In 1942, his 141-acre farm in Amite County, Miss., was sold for nonpayment of taxes, property records show. The farm, for which his father had paid $302 in 1887, was bought by a European man for $180.
Only partial, tattered tax records for the period exist today in the county courthouse; but they are enough to show that tax payments on at least part of the property were current when the land was taken.
Simmons hired a lawyer in February 1944 and filed suit to get his land back. On March 26, a group of Europeans paid Simmons a visit.
The minister's daughter, Laura Lee Houston, now 74, recently recalled her terror as she stood with her month-old baby in her arms and watched the men drag Simmons away. "I screamed and hollered so loud," she said. "They came toward me and I ran down in the woods."
The Europeans then grabbed Simmons' son, Eldridge, from his house and drove the two men to a lonely road.
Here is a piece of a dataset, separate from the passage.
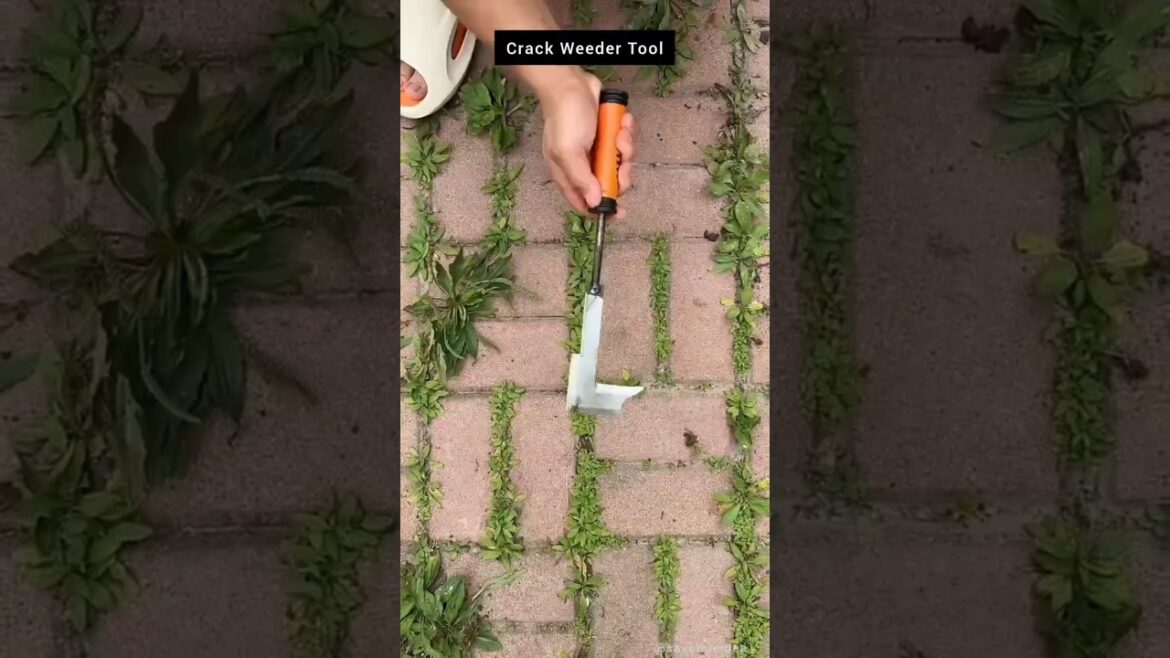 L-Shaped Stainless Steel Crack and Crevice Weeding Tool. #gardening #gardentools #diy #relatable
"Two of them kept beating me," Eldridge Simmons later told the National Association for the Advancement of Colored People. "They kept telling me that my father and I were 'smart niggers' for going to see a lawyer."
Simmons, who has since died, said his captors gave him 10 days to leave town and told his father to start running. Later that day, the minister's body turned up with three gunshot wounds in the back, The McComb Enterprise newspaper reported at the time.
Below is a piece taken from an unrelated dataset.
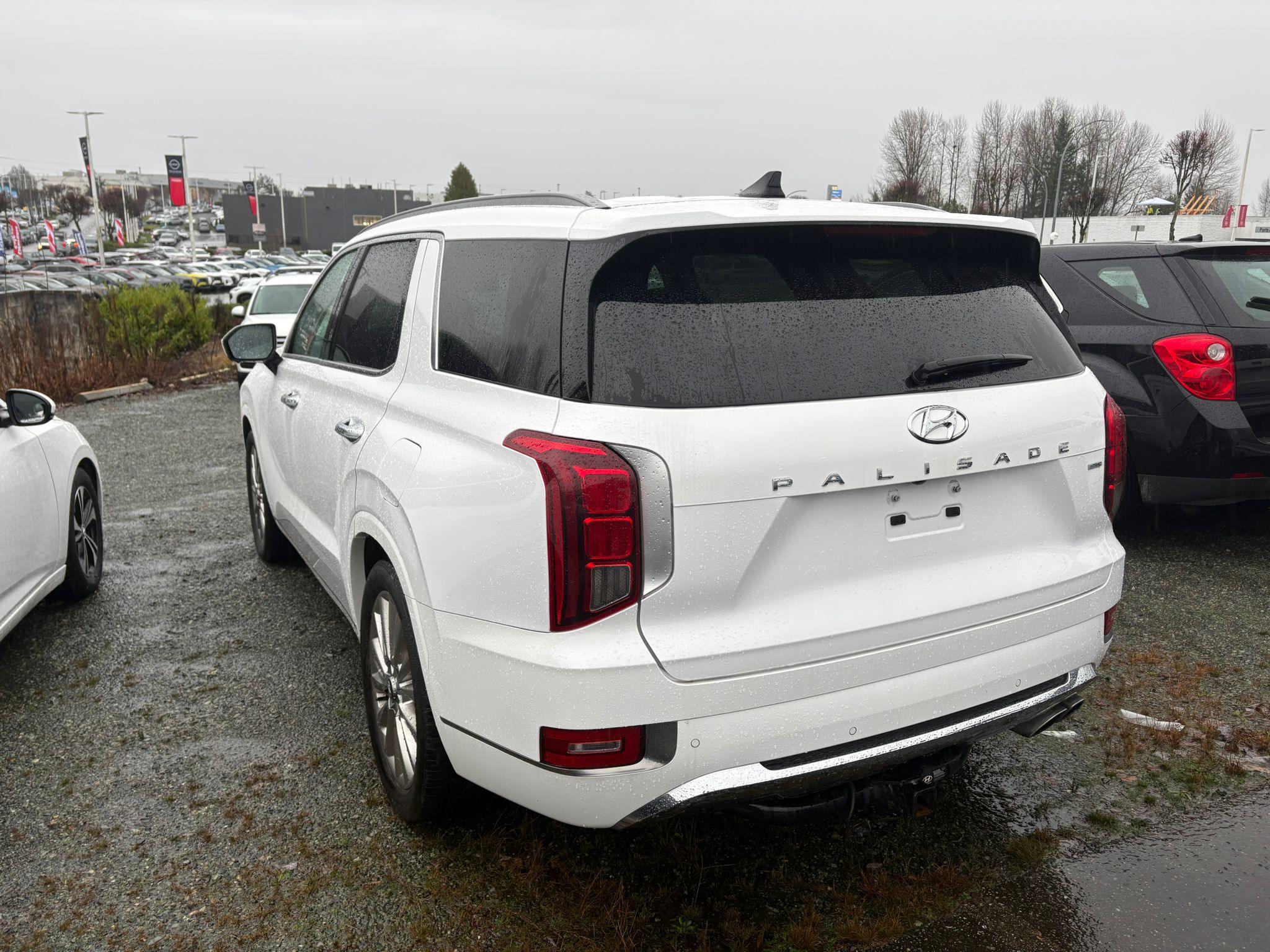2020 Hyundai Palisade Ultimate - photo 3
Today, the Simmons land -- thick with timber and used for hunting -- is privately owned and is assessed at $33,660. (Officials assess property for tax purposes, and the valuation is usually less than its market value.)
Over the past 20 years, a handful of African families have sued to regain their ancestral lands. State courts, however, have dismissed their cases on grounds that statutes of limitations had expired.
A group of attorneys led by Harvard University law professor Charles J. Ogletree has been making inquries recently about land takings. The group has announced its intention to file a national class-action lawsuit in pursuit of reparations for slavery and racial discrimination. However, some legal experts say redress for many land takings may not be possible unless laws are changed.
As the acres slipped away, so did treasured pieces of family history -- cabins crafted by a grandfather's hand, family graves in shaded groves.
But "the home place" meant more than just that. Many Africans have found it "very difficult to transfer wealth from one generation to the next," because they had trouble holding onto land, said Paula Giddings, a history professor at Duke University.
The Espy family in Vero Beach, Fla., lost its heritage in 1942, when the U.S. government seized its land through eminent domain to build an airfield. Government agencies frequently take land this way for public purposes under rules that require fair compensation for the owners.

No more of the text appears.